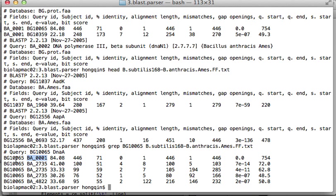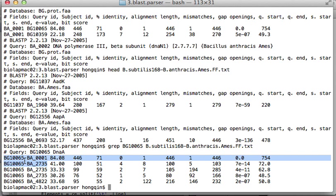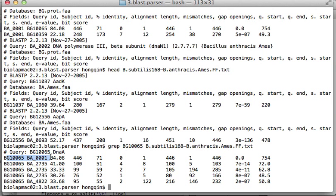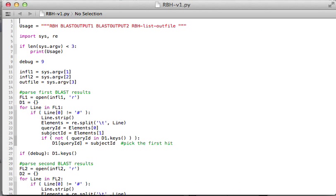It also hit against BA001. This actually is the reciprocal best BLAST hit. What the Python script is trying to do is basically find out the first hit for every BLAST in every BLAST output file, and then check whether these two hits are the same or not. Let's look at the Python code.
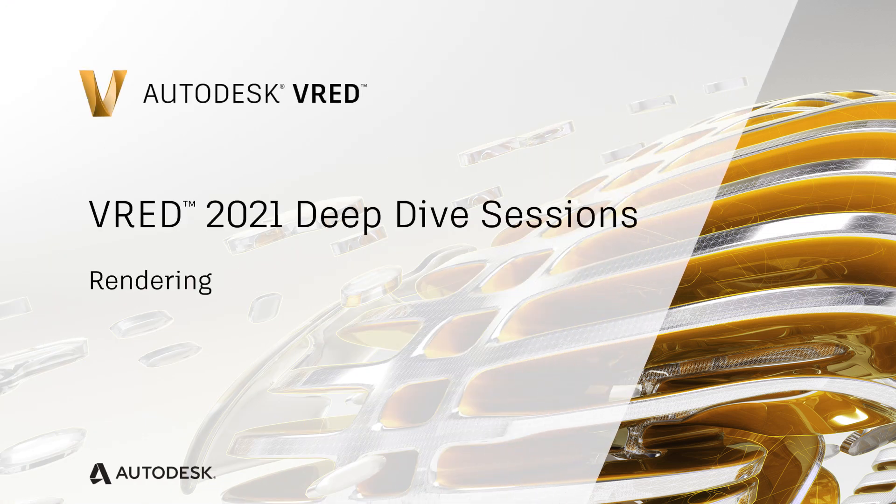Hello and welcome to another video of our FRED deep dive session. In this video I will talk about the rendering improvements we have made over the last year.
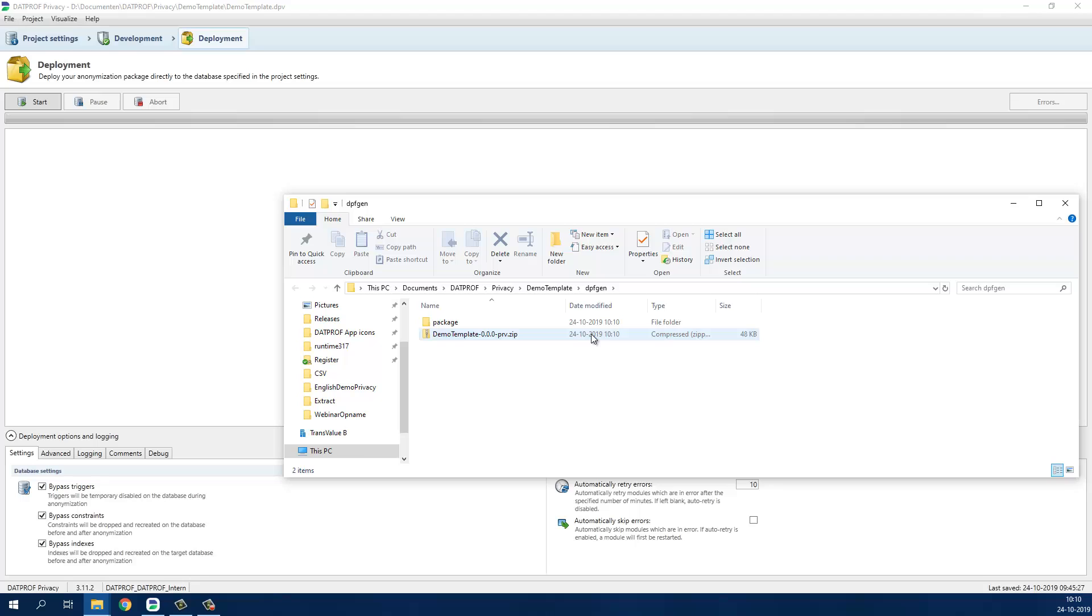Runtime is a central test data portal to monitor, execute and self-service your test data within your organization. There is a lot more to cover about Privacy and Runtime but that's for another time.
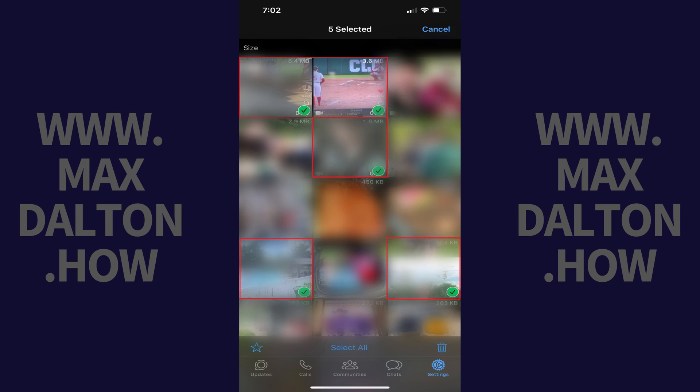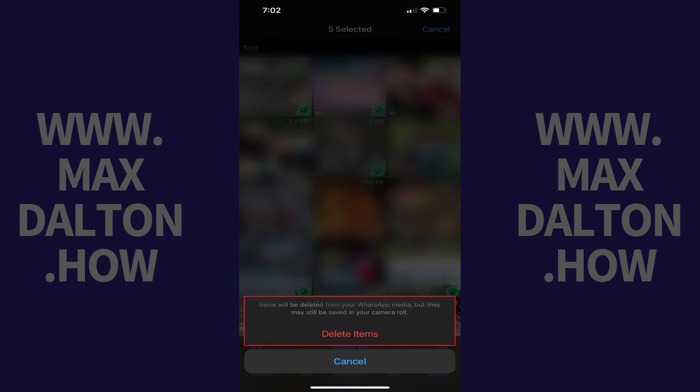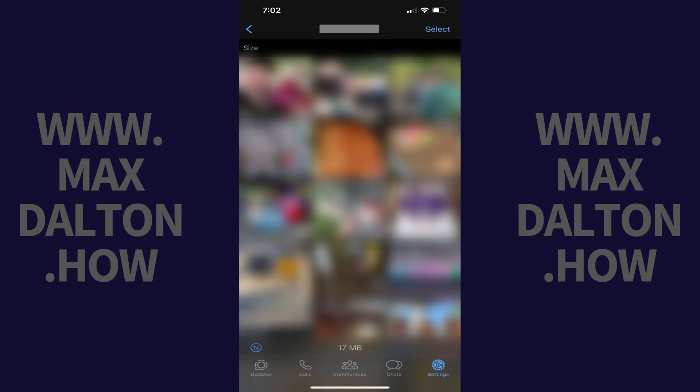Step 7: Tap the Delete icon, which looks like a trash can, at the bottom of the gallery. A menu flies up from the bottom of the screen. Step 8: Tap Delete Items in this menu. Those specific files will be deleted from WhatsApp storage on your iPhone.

* * *

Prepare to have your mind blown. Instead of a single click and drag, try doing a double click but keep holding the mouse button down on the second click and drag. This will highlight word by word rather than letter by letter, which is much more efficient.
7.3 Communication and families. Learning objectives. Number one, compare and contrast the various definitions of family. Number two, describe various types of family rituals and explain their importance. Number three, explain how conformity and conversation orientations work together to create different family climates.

--

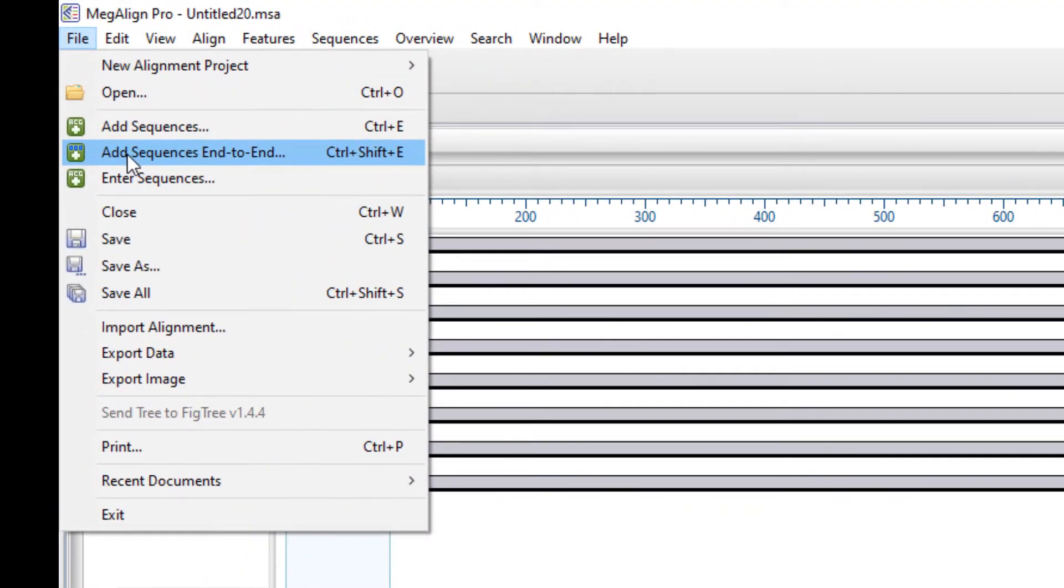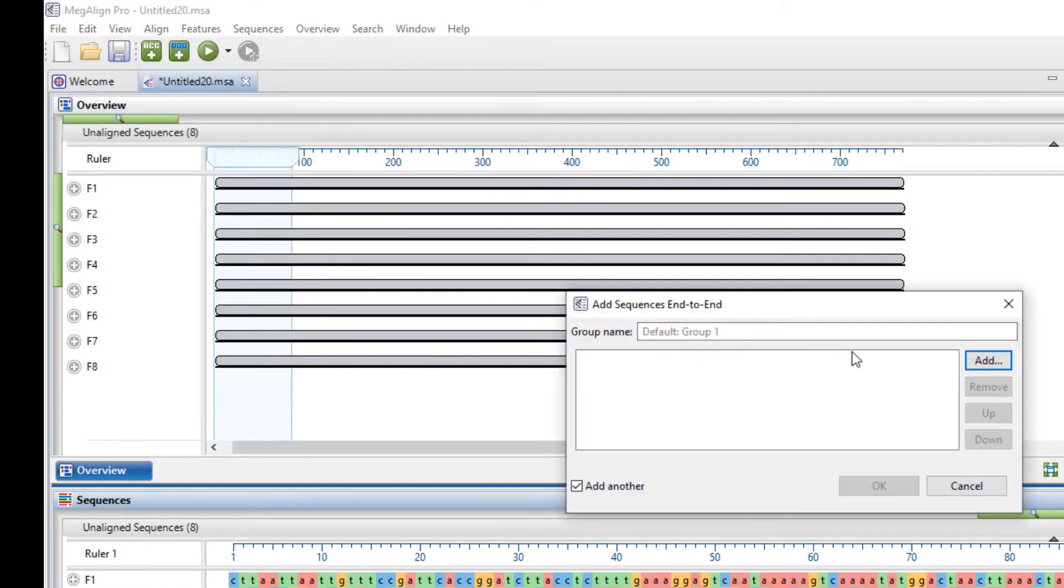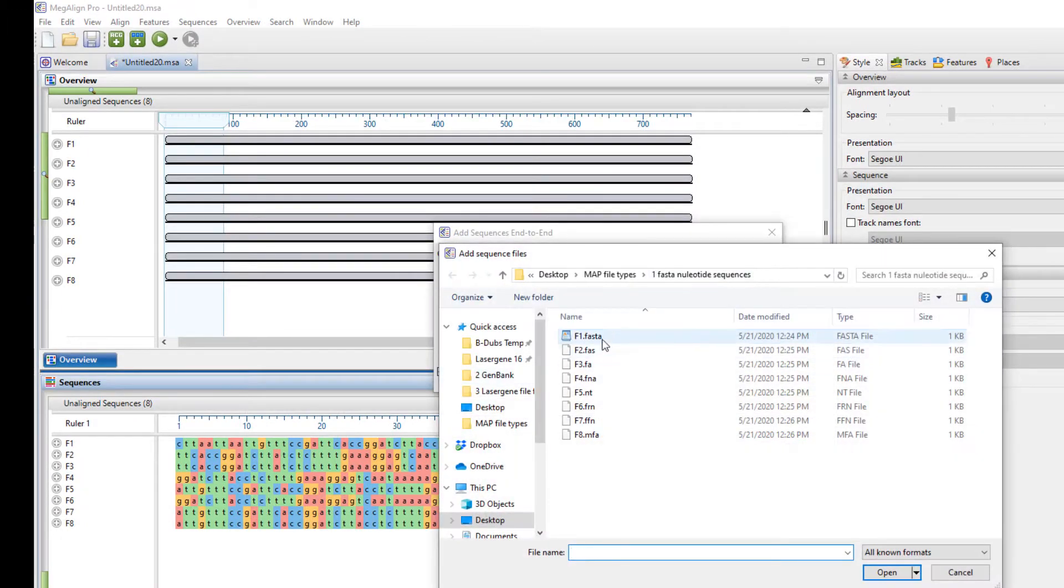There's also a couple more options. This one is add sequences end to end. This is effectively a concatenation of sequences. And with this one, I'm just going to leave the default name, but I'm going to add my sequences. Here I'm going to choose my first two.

- What you need to do
From the listing above, repeat only the lines between the line containing "It also hit" and the line containing "Runtime is a", those two included. Pictures are not part of the copy.

- Task answer
It also hit against BA001. This actually is the reciprocal best BLAST hit. What the Python script is trying to do is basically find out the first hit for every BLAST in every BLAST output file, and then check whether these two hits are the same or not. Let's look at the Python code.
Hello and welcome to another video of our FRED deep dive session. In this video I will talk about the rendering improvements we have made over the last year.
Runtime is a central test data portal to monitor, execute and self-service your test data within your organization. There is a lot more to cover about Privacy and Runtime but that's for another time.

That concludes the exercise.